As the name suggests, a gap analysis (also called a white space analysis) is all about studying the space that exists between where you are, and where you want to be.
For retail brands, gap analysis is a powerful tool for identifying opportunities and developing a roadmap to improve your performance, both within your current product categories and potential new categories.
By examining your current positioning and where you and your competitors have left room for growth on the table, you can craft marketing strategies that help you broaden your reach and drive sales.
What questions does gap analysis answer?
A gap analysis helps you determine your current standing in your product category and chart a course for growth. It addresses:
- Where your brand ranks in terms of perception against your competitors.
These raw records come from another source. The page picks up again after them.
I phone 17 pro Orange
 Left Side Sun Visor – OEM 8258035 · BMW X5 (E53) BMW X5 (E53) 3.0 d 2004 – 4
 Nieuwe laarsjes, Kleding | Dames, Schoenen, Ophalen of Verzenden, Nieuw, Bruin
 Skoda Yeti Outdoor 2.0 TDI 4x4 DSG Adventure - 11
- What causes satisfaction (or dissatisfaction) and where your brand can focus to improve.
- Which perceived benefits are underdeveloped and require a strong brand stance.
Gap analysis also points to new categories where consumers would be likely to embrace your brand’s expansion, and it provides important clues for how to succeed.
The insights a gap analysis generates are the key to formulating plans for winning within your product category, offering new products in adjacent categories, and crafting more effective positioning and messaging strategies.
How does gap analysis work?
Gap analysis begins by taking stock of the status quo. The first step is a thorough analysis of the product offerings of all key competitors, both online and in brick and mortar stores. This includes understanding:
- The attributes (features, benefits, price, etc.) of all relevant products.
- How these products deliver against their brand positioning or brand promise.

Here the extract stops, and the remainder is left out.